White House threatens to deport Dreamers if no deal is reached by March 5

Trump said Dreamers have "nothing to worry about."

Demonstrators, many of them recent immigrants to America, protest the government shutdown and the lack of a deal on DACA (Deferred Action for Childhood Arrivals) outside of Federal Plaza on January 22, 2018 in New York City. CREDIT: Photo by Spencer Platt/Getty Images
Demonstrators, many of them recent immigrants to America, protest the government shutdown and the lack of a deal on DACA (Deferred Action for Childhood Arrivals) outside of Federal Plaza on January 22, 2018 in New York City. CREDIT: Photo by Spencer Platt/Getty Images

Last September, President Trump said he has “great love” for the so-called “Dreamers,” referring to recipients of the Deferred Action for Childhood Arrivals (DACA) program. Days later, he went a step further, tweeting that Dreamers have “nothing to worry about.”

“No action!” he promised.

On Thursday, Trump proposed legislation that would provide a path to citizenship for as many as 1.8 million young undocumented immigrants in exchange slashing legal immigration, his beloved wall, and a crackdown on other undocumented immigrants living in the U.S.
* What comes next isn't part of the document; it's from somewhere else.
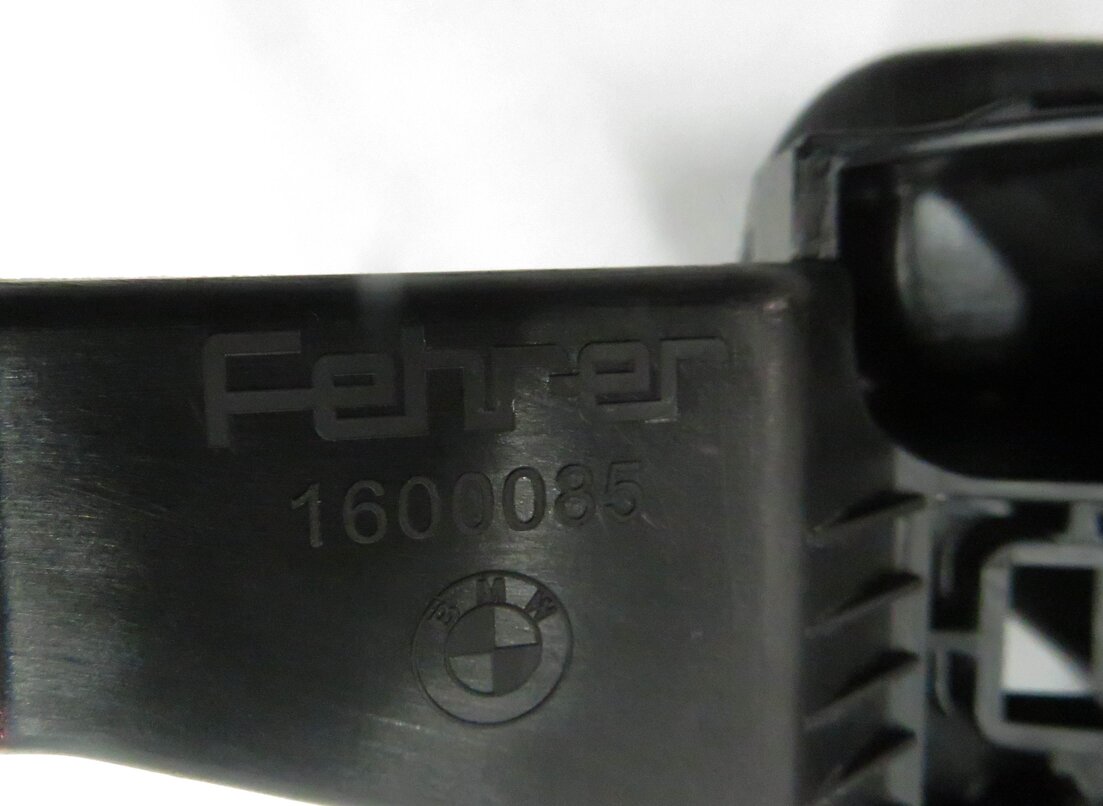 Thumbnail 10: 2011 BMW 528i 535i 550i (F10) FRONT CENTER CONSOLE ARM REST LID (BLACK LEATHER)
The White House has described the plan as an “extremely generous” take-it-or-leave-it proposal. The New York Times reported Thursday that White House officials said the list of “enhanced security measures” were nonnegotiable, and, “[t]hey warned that if no deal is reached, DACA recipients will face deportation when the program fully expires on March 5.”

One unnamed senior official said the young immigrants would not be specifically targeted, but rather they would be treated as “illegal immigrants” who would be processed for deportation if they came into contact with immigration officers. And even if they won’t be targeted for deportation — although they could be, as the government has a vast amount of personal information on each Dreamer that they were required to turn over to apply for the program — without the DACA program, its recipients will lose their work permits.

So much for having “nothing to worry about.”

Giving immigrants many things to worry about has been a top priority of the Trump administration, and Thursday’s deportation threat is more evidence that the White House sees the 690,000 young people who benefit from DACA as a bargaining chip, not as 690,000 people with lives, jobs, homes, and families.

The situation for Dreamers has been fraught for some time. Even before Trump rescinded DACA, Dreamers were being deported, and now, with each passing day, 122 DACA recipients lose their status, according to The Center for American Progress. (ThinkProgress is an editorially independent outlet housed at CAP).

On Friday afternoon, Senate Minority Leader Chuck Schumer (D-NY) rejected Trump’s proposal.

“He uses [Dreamers] as a tool to tear apart our legal immigration system and adopt the wish list that anti-immigration hardliners have advocated for for years,” Schumer said on Twitter Friday.

Sen. Dick Durbin (D-IL), the Democratic Whip, has also publicly rejected the president’s proposal, saying in a statement Thursday night, “Dreamers should not be held hostage to President Trump’s crusade to tear families apart and waste billion of American tax dollars on an ineffective wall.”

Much of the rest of the caucus can be expected to follow in Durbin and Schumer’s footsteps, and without Democratic support, the deal could be dead in the water. The government is funded only through February 8, having reopened after Democrats agreed to a funding deal when Senate Majority Leader Mitch McConnell (R-KY) made a promise to put a DACA deal on the table.

A vote on the White House plan, while anathema to Democrats, would technically fulfill McConnell’s pledge.